In a recent workshop on organizational project management (OPM) a participant asked me what is the link of OPM to QMS, Quality Management System?
Before we can answer, let us briefly explain what is a process and how processes fit into our lives and our organizations.
A process is usually about producing something – an output. To produce this output we need something to start with (input), we need tools, and often there is (are) technique(s) to use to produce this output. For examples:
- To cook a meal, there is a process: we need ingredients and cooking utensils, there is a technique to cook, which require knowledge, and there is an output, a cooked meal.
- To write a book is a process that requires knowledge (input), tools – a PC or typewriter, fingers and brains 🙂 to produce the output.
The same applies in organizations whether we are processing a vacation request, checking an expense statement, working on a project (more than one process), or developing a strategic plan. Of course some processes could be very simple while others are quite comprehensive and substantial, which may result in breaking down a major process into sub-processes.
Organizational work consists of numerous processes at all levels. We like to group the organizational processes into three principal categories:
- Corporate Processes: these would be the high level corporate processes including strategic planning, governance, succession planning, and other executive level processes.
- Operational (Functional – Technical) Processes: These would be the operational processes carried out across the organizational functions, such as human resource, marketing, finance, among others. We typically refer to these also as business processes, or technical processes if a department is technically oriented like engineering or technology.
- Project Management Processes: these would be the numerous processes required to manage a project, a program, or even the portfolio of projects in the organization.
How are these linked?
An organization could have a strategic business excellence program that encompass all of the organizational processes whether they are strategic, operational, or project management. This might be the ideal scenario.

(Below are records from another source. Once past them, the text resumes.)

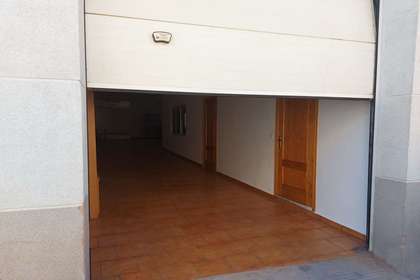 Obchodní prostory na prodej v Convento, Valdepeñas, Ciudad Real. 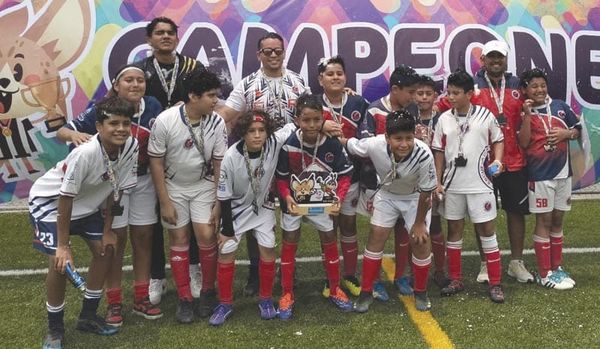 TIBURONES ROJOS SUB-15 CAMPEÓN EN LA ORIZABA CUP!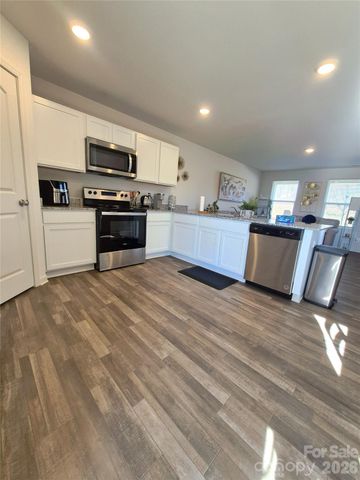 121 Vintage Woods Court, Shelby, NC 28150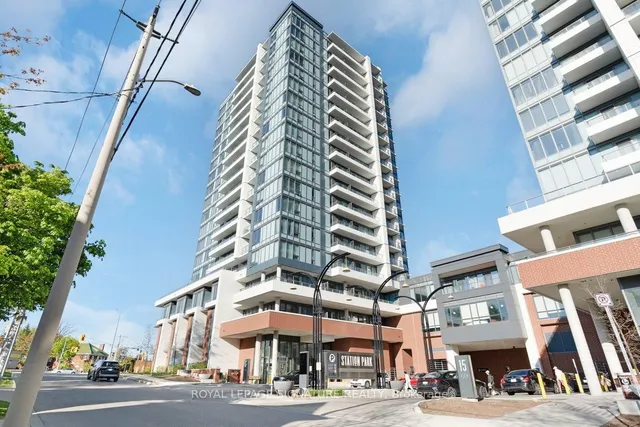 5 Wellington St Unit 814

Other organizations, probably the most common form, is that such organizations have business (operational) processes under the heading of QMS = Quality Management System. Further, if this organization adopt a project management culture, they could have an independent system, an Organizational Project Management System.
The Links Expanded
Back to the question in class. I think we already indirectly explained the link but let us expand on the concept. In the class, we started to draw the link, which resulted in the following image.

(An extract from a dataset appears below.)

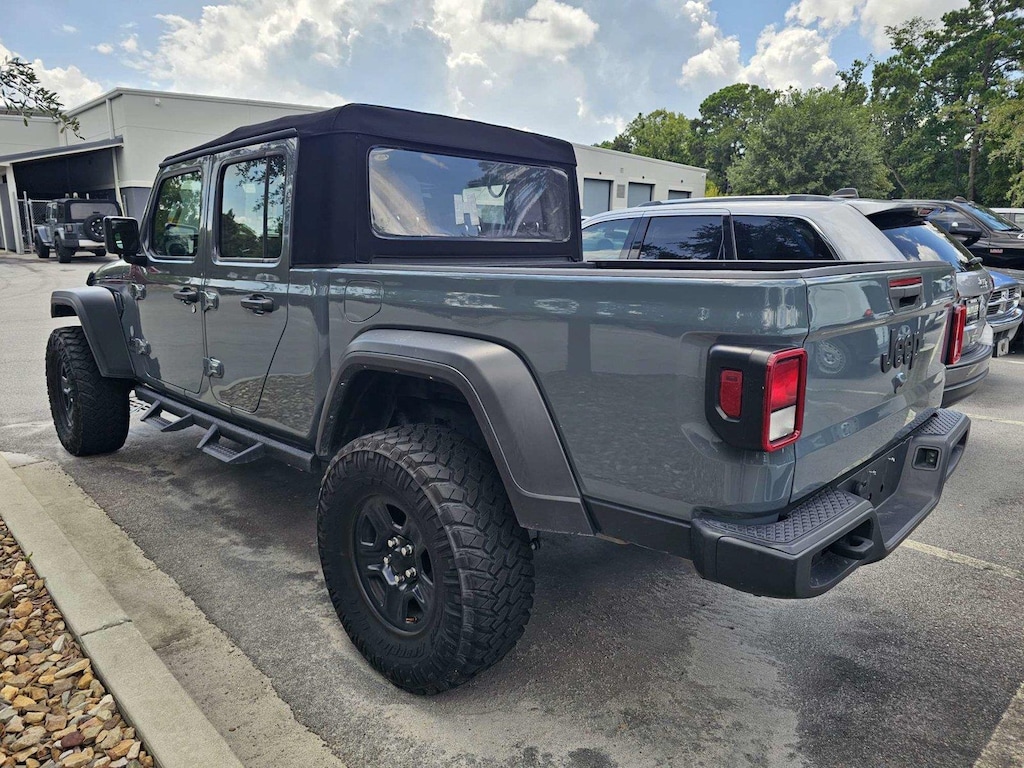 Used 2024 Jeep Gladiator Sport Truck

Although, I do not like the box analogy but it serves the purpose of showing that organizational processes are three-dimensional with corporate processes (primarily Governance) serving as the oversight for all other processes.
In the class was my good friend Nah Wee Yang, a director of Knowledge Method in Singapore, who was hosting the workshop for their clients. Wee Yang like to draw and he produced the following from the above image and explanation.
Wee Yang added into the picture his artistic touch but also added organization culture as a dead weight that could tie an organization down. Well – this is justifiable since it is often the case where organizational culture could be a hindrance.
Although we could not match Wee Yang artistic skills, we reproduced the image but with a balanced perspective.
I think what we add is a clear – it is a call to action – it is a challenge to organizations. The challenge is obviously related to organizational culture and it is whether organizations have enough maturity to let their organizational culture lift them up toward excellence, or will their culture hold them down into situation without processes or bureaucracy and other ineffective practices?